During the season, Stargell hit 22 home runs, batted .289 and his team won the league championship. In 1962, he was promoted to Columbus, the Pirates' AAA franchise in the International League, along with Alley and Johnston. After hitting 27 home runs and batting .276 in 138 games, he was promoted to the Pittsburgh Pirates in mid-September.

On Sept. 16, Stargell played in his first major league game, and for the remainder of the season, he batted .290 in 31 times at bat. The Pirates' manager, Danny Murtaugh, was very impressed with Stargell and kept him on the roster as a reserve outfielder when the 1963 season began.

Soon after the start of the season, it became apparent that Murtaughs young outfielder could become an everyday player. On May 23, the Pirates traded their regular left fielder, Bob Skinner, to the Cincinnati Reds, and Stargell became his primary replacement. Pitchers later began to identify some of his weaknesses as a hitter, and his batting average slumped as the season progressed. He ended the season batting only .243, with 11 home runs in 108 games.

Superstar Roberto Clemente, Stargells fellow outfielder with the Pirates, became his mentor and worked with Stargell to become more aggressive, yet remain selective of the pitches he would swing at.
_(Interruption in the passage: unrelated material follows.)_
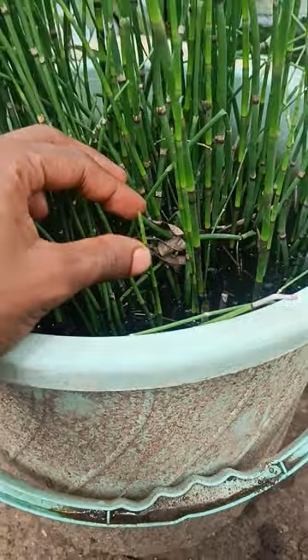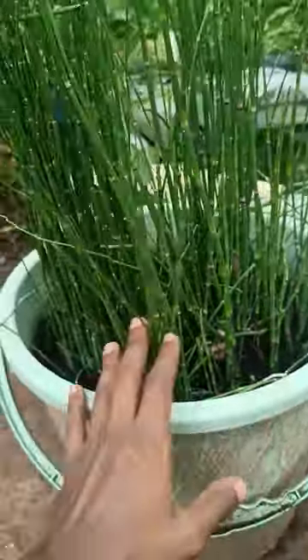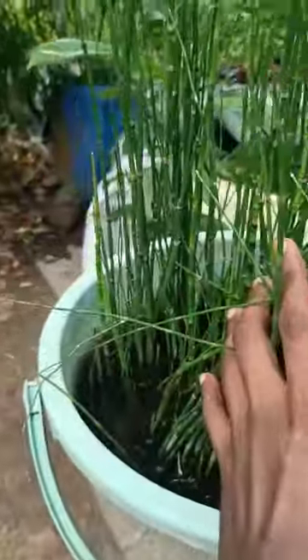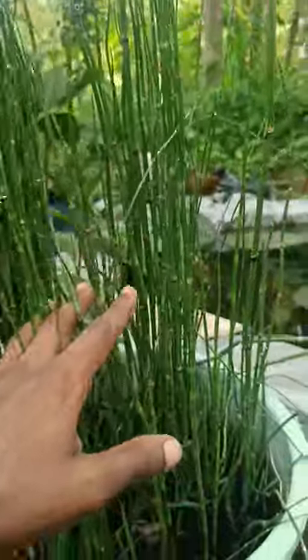If you go to the first step, the first step, and you will find it. But if you go to Kramer, you can find the root spread from the river, and you can find this right. This is the one that I have done.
Stargell asserted himself the following season (1964), raising his average 30 points, blasting 21 home runs, and appearing as a pinch-hitter in his first of seven All-Star Games.
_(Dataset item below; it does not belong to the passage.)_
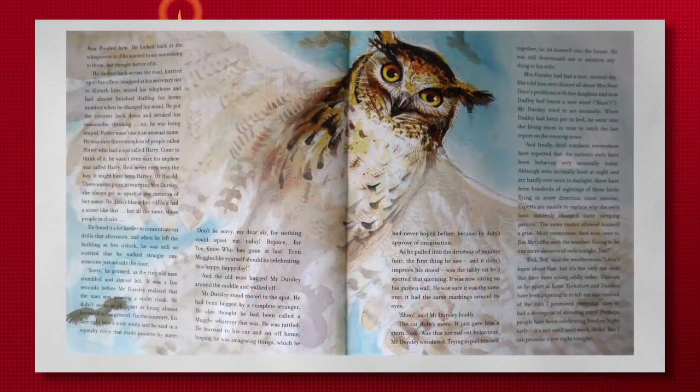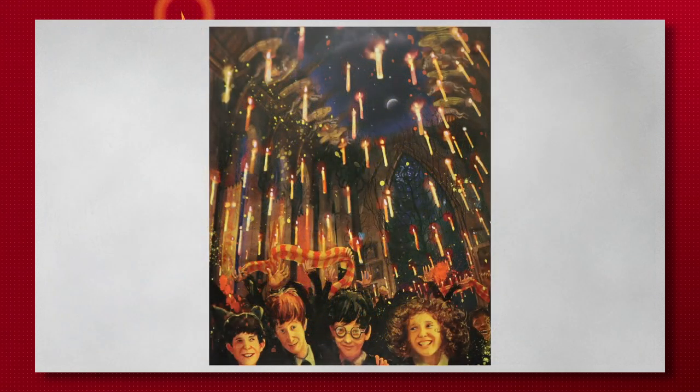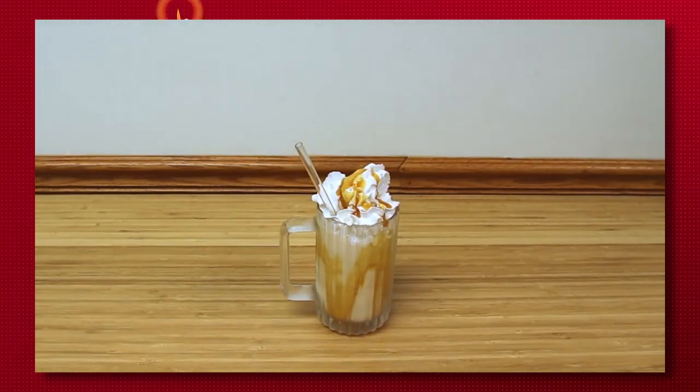Harry Potter by JK Rowling is a well-known story about a wizard and his adventures in the magical world along with his friends at Hogwarts. The recipe we've chosen to go with this is a twist on the classic, well-known drink in the series — a butterbeer float. This sweet drink will make you feel like you're a witch or wizard yourself and cool you off from the summer heat.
The 1965 and 1966 seasons were good examples of the kind of player Stargell was becoming. In 1965, he hit 27 home runs, drove in 107 runs and hit for a .272 average. In 1966, he hit 33 home runs, drove in 102 runs and batted .315.

However, over the winter he put on 20 pounds more than what was considered his ideal 215-pound playing weight, and his manager put him on a crash diet that sapped him of much of his strength. Stargells statistics dropped to 20 home runs, 73 runs batted in and a batting average of .271. Perhaps because of the confusion as to what his weight should be, Stargells batting average dipped to .237 in 1968.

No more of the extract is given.